* Your assignment
Return the lines of the data below exactly. Start at the first and end with the line containing "The IDF says".

=== Section Start ===

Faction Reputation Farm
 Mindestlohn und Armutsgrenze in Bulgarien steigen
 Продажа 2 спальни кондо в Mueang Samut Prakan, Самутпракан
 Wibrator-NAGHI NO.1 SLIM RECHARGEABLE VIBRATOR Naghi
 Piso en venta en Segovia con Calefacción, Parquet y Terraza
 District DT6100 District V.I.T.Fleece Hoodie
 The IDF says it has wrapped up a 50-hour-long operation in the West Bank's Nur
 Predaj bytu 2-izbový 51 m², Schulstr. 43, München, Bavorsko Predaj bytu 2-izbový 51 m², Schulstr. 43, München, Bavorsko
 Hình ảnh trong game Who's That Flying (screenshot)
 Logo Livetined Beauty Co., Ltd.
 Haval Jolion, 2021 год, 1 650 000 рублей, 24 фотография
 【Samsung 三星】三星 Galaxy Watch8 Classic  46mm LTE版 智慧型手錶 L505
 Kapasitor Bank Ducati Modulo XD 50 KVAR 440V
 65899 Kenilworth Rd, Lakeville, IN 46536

=== Section End ===

* Response to the exercise
Faction Reputation Farm
 Mindestlohn und Armutsgrenze in Bulgarien steigen
 Продажа 2 спальни кондо в Mueang Samut Prakan, Самутпракан
 Wibrator-NAGHI NO.1 SLIM RECHARGEABLE VIBRATOR Naghi
 Piso en venta en Segovia con Calefacción, Parquet y Terraza
 District DT6100 District V.I.T.Fleece Hoodie
 The IDF says it has wrapped up a 50-hour-long operation in the West Bank's Nur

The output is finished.